Auf Anfrage von procontra hieß es bei Axa: „Wir beobachten die Entwicklung aufmerksam“, und bei Talanx: „Ab Anfang 2024 werden unsere Lebensversicherer HDI, Neue Leben, LPV und Targo, die Deutsche Rentenversicherung mit Informationen unterstützen“. Und die Fondshäuser Deka und DWS wollen „zum Start des Regelbetriebs“ beziehungsweise „später“ hinzustoßen. Ein Ansturm sieht anders aus. 

Auch das Interesse der Bürger ist bisher bescheiden, wobei berücksichtigt werden muss, dass für die Registrierung ein Personalausweis mit Online-Funktion benötigt wird. Den hat noch längst nicht jeder. Ebenfalls auf Anfrage teilte die Deutsche Rentenversicherung Bund mit: „Seit Start der Pilotphase am 30. Juni haben sich rund 45.000 Personen registriert“ und rund 221.000 Anfragen wurden erfolgreich durchgeführt.   

Theoretisch hat die digitale Rentenübersicht das Potenzial, den Markt für Altersvorsorgeprodukte zu beleben.

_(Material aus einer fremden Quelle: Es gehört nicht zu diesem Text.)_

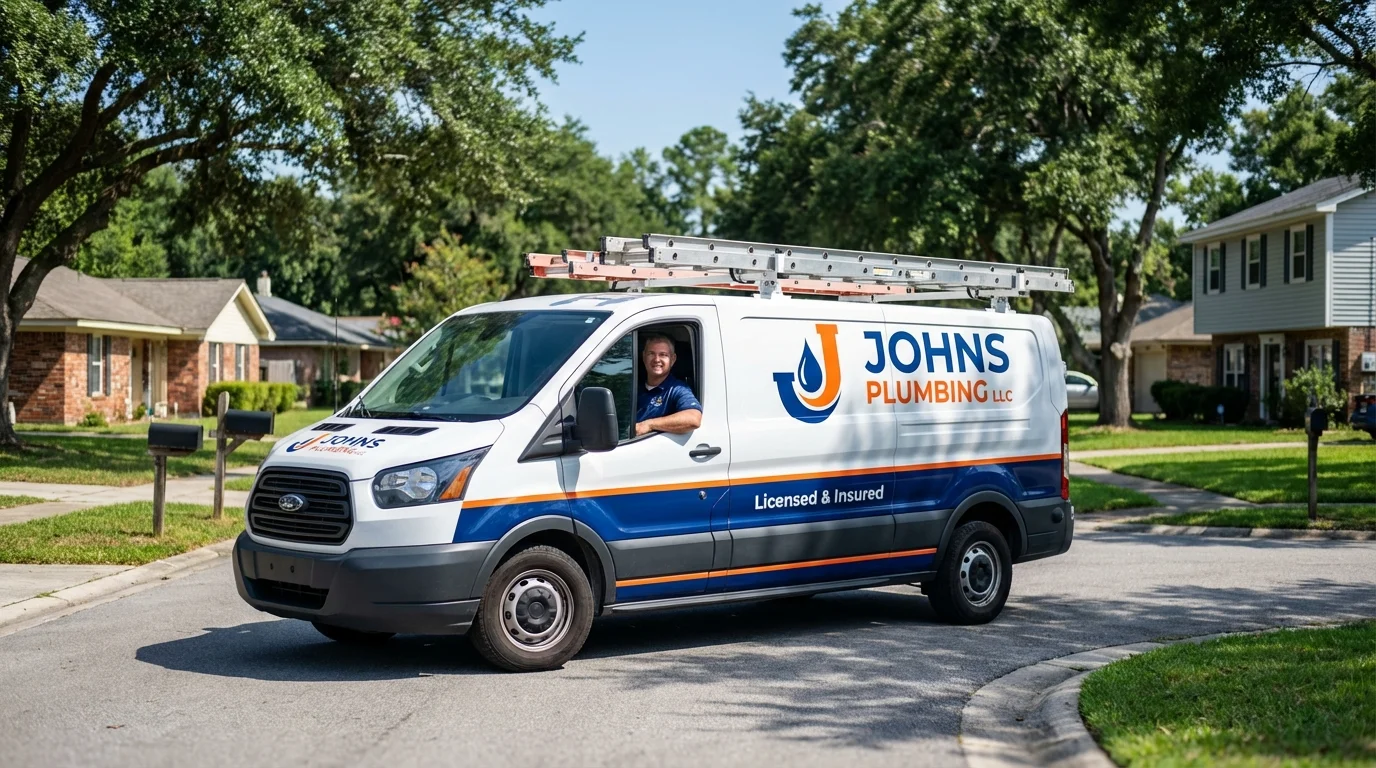 Johns Plumbing LLC service van in Bayport, NY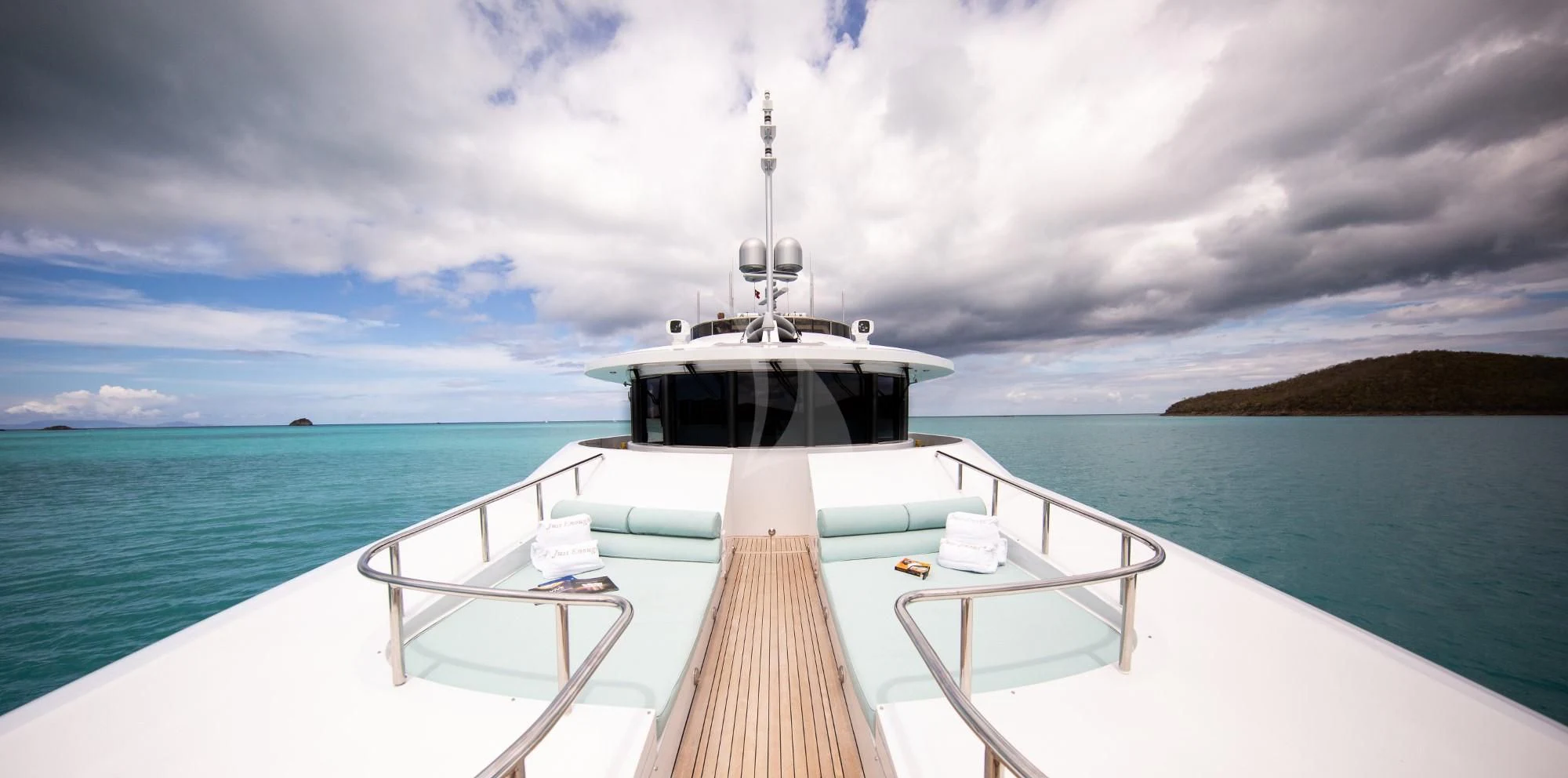 a boat on the water aboard JUST ENOUGH Yacht for Charter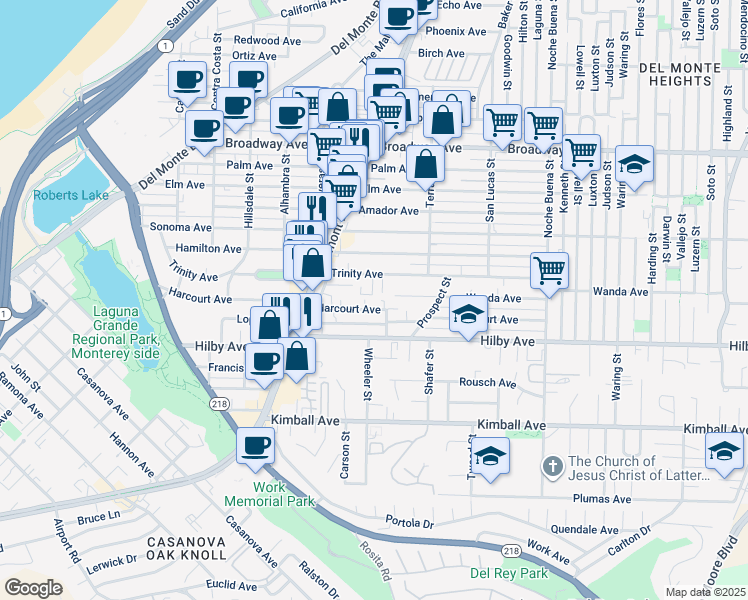 map of restaurants, bars, coffee shops, grocery stores, and more near 987 Harcourt Avenue in Seaside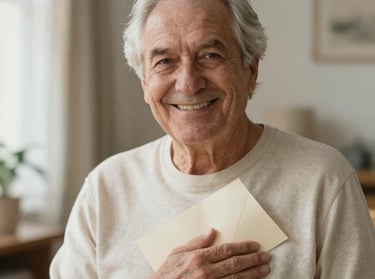 A smiling senior man holding an envelope close to his heart. Pisma iz srca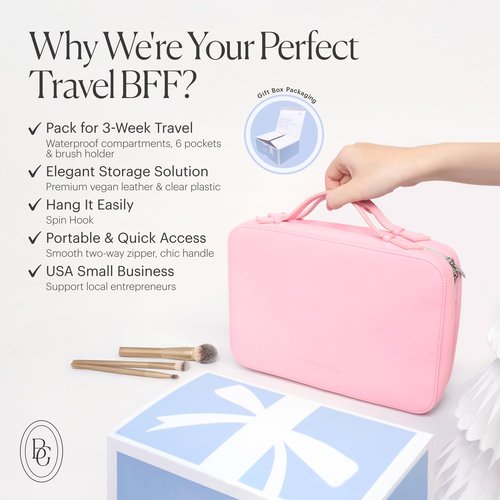 BEAUTYGOODIES Pink Hanging Toiletry Bag for Women, Travel Toiletry Bag for Makeup, Clear Bags for Easy Packing, Bag for Toiletries, Flight Curise Roadtrip Bag to Hold and Hang even at Home.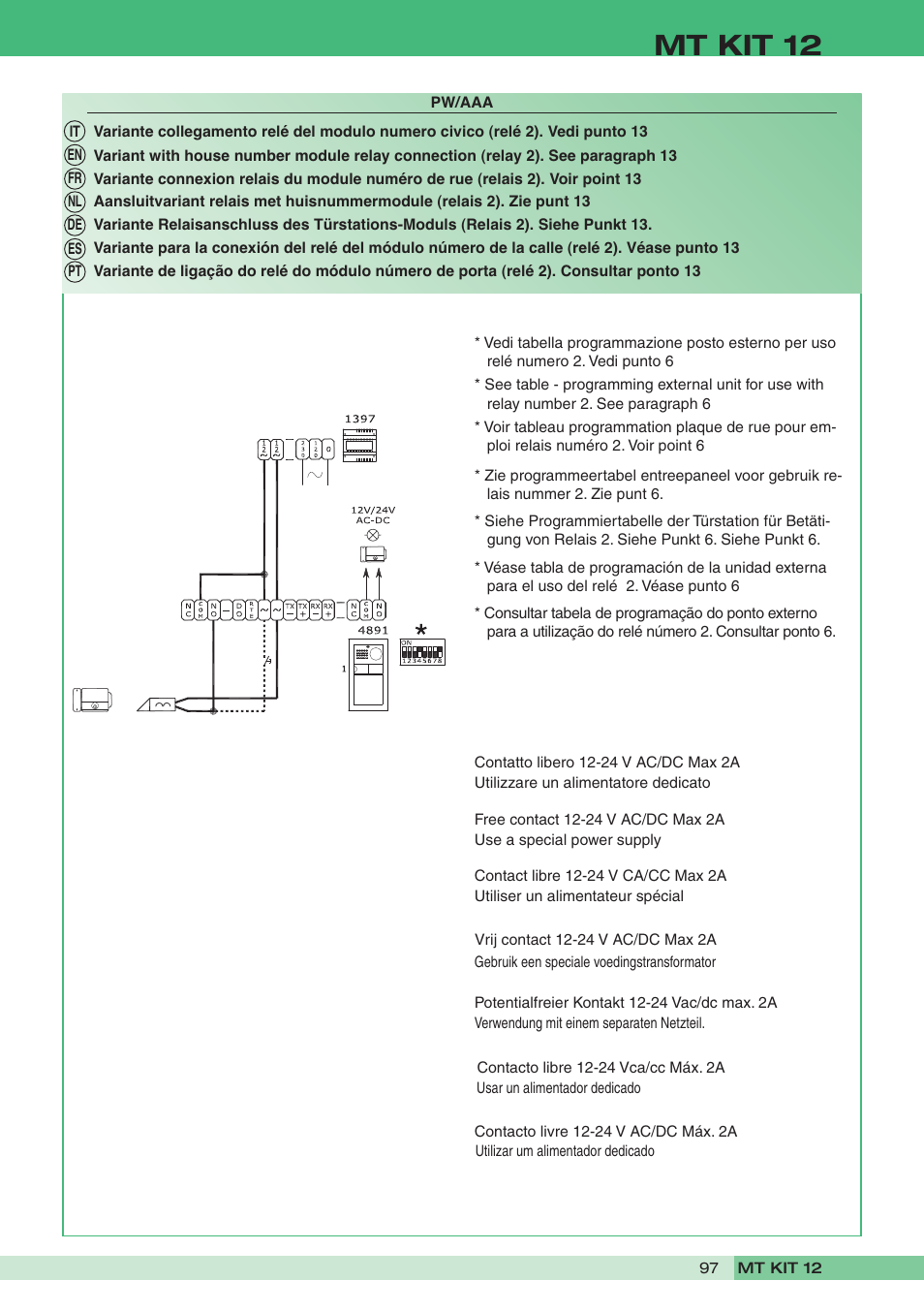 Mt kit 12 | Comelit MT KIT 12 User Manual | Page 97 / 100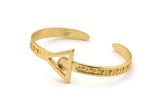 Gold Triangle Cuff, Gold Plated Brass Triangle Cuff Stone Setting With 1 Pad - Pad Size 6mm N1677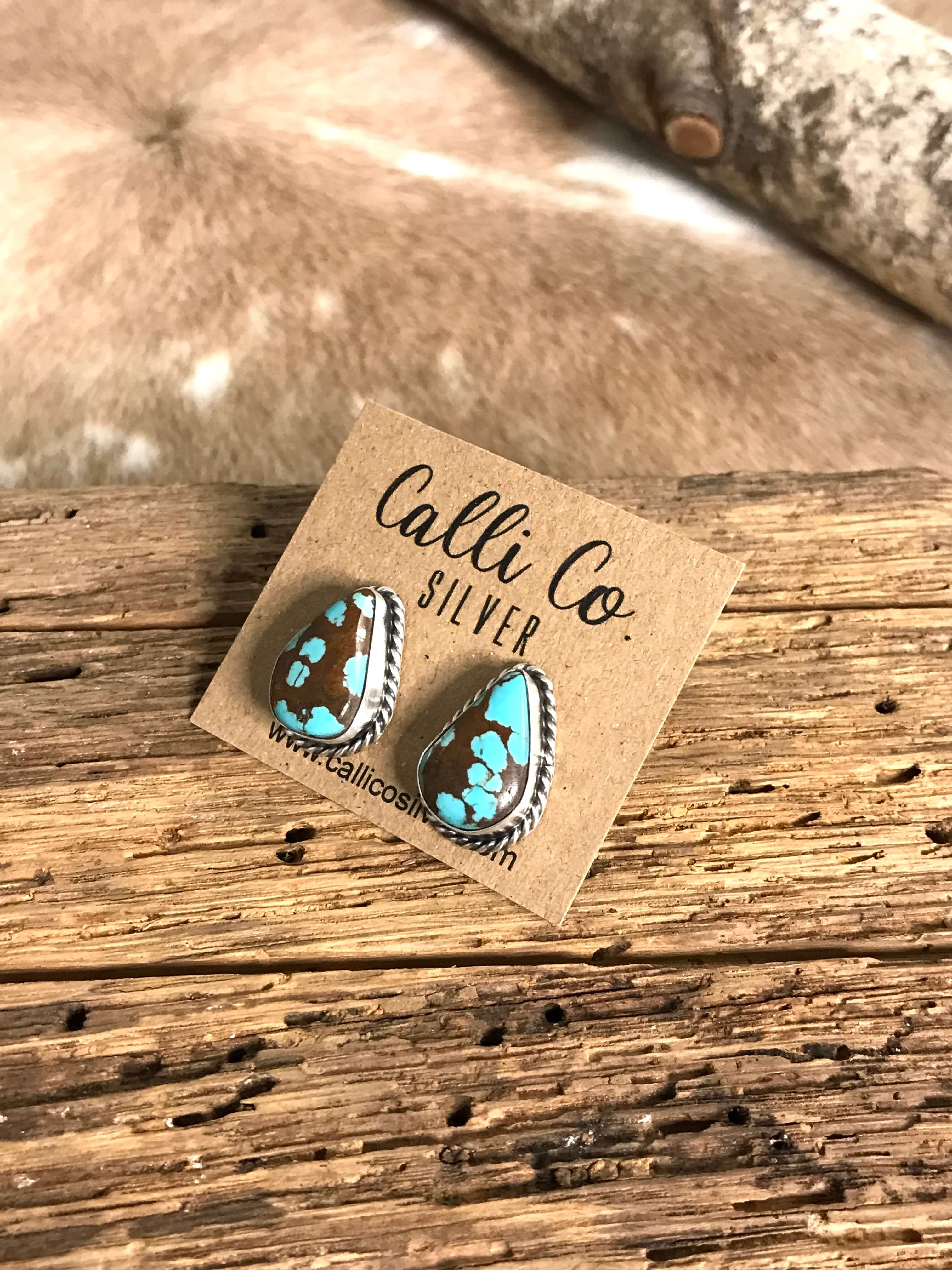 The Turquoise Studs, 2-Earrings-Calli Co., Turquoise and Silver Jewelry, Native American Handmade, Zuni Tribe, Navajo Tribe, Brock Texas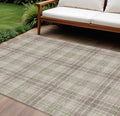 9' X 12' Beige Ivory And Green Plaid Washable Indoor Outdoor Area Rug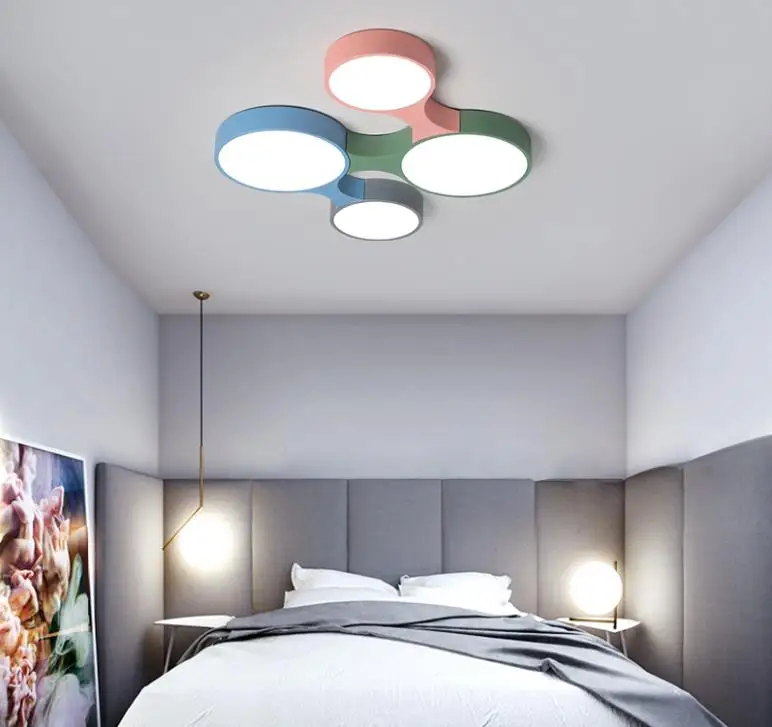 Modern Led Ceiling Light Dimmable Remote Control Lustre Ultra thin 5cm Colorful Ceiling Lights Fixtures For Kids Room Bedroom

Laut Finanzministerium dient das Portal „als Grundlage für eine weiterführende Beratung, um mögliche Versorgungslücken frühzeitig zu erkennen und handeln zu können.“ Auch Norman Wirth, Vorstand AfW Bundesverband Finanzdienstleistungen, betont in einem Interview mit procontra die sich daraus ergebenden Services für Makler als „vertrieblich hochinteressant“. 

Für einen vom Staat angestrebten echten Überblick über ihre Altersvorsorgeverträge müssten sich aber nicht nur alle Anbieter von Altersvorsorgeverträgen anbinden, sondern auch alle Bürger. Das ist nicht der Fall. Beamte und Freiberufler bleiben außen vor. Auch deshalb ist das ganze Vorhaben für Volker Britt, Leiter Finanzplanung und Produktmanagement beim Finanzdienstleister Plansecur, „kein großer Wurf“. Er moniert außerdem, dass Steuern und Sozialabgaben ausgeblendet würden. Auch würden Immobilien, Guthaben auf Konten und Wertpapierdepots nicht einbezogen. 

Berater müssen die Defizite ausgleichen 

„Die Defizite müssen vom Berater ausgeglichen werden, um dem Kunden eine transparente Beratung zur Altersvorsorge bieten zu können“, betont Britt. Man kann das aber auch so sehen: Für Beratende bleibt viel Arbeit. Für Sebastian Grabmaier, Chef des Pools Jung, DMS & Cie., ist das Rentencockpit eine „gute Idee“, weil sich „eventuelle Vorsorgelücken schnell erkennen lassen“. Das wiederum könne ein „Türöffner für Beratungsgespräche“ sein. Aber auch er betont, dass man abwarten müsse, wie viele Anbieter mitmachen und Daten in der notwendigen Qualität liefern. 

Kein Problem ist aus Grabmaiers Sicht, dass mit der digitalen Rentenübersicht de facto ein Wettbewerber zu den existierenden Übersichten von Pools, Versicherern Kreditinstituten und Fintechs entstehen könnte. Zumindest das von Jung, DMS & Cie. angebotene Tool „allesmeins“ könne „viel mehr als nur Altersvorsorgeverträge abbilden.“ Im Schnitt habe ein Kunde viermal so viele weitere Verträge. In „allesmeins“ seien „wirklich alle privaten und betrieblichen Vorsorgeverträge abgebildet“. 

Fazit: Die digitale Rentenübersicht bringt mehr Transparenz und ist daher ein Schritt in die richtige Richtung. Entfalten wird sie ihr Potenzial nur, wenn der Staat bei den geförderten Produkten mehr Flexibilität zulässt. Dazu hat die Fokusgruppe Altersvorsorge der rot-grün-gelben Bundesregierung kürzlich Vorschläge gemacht.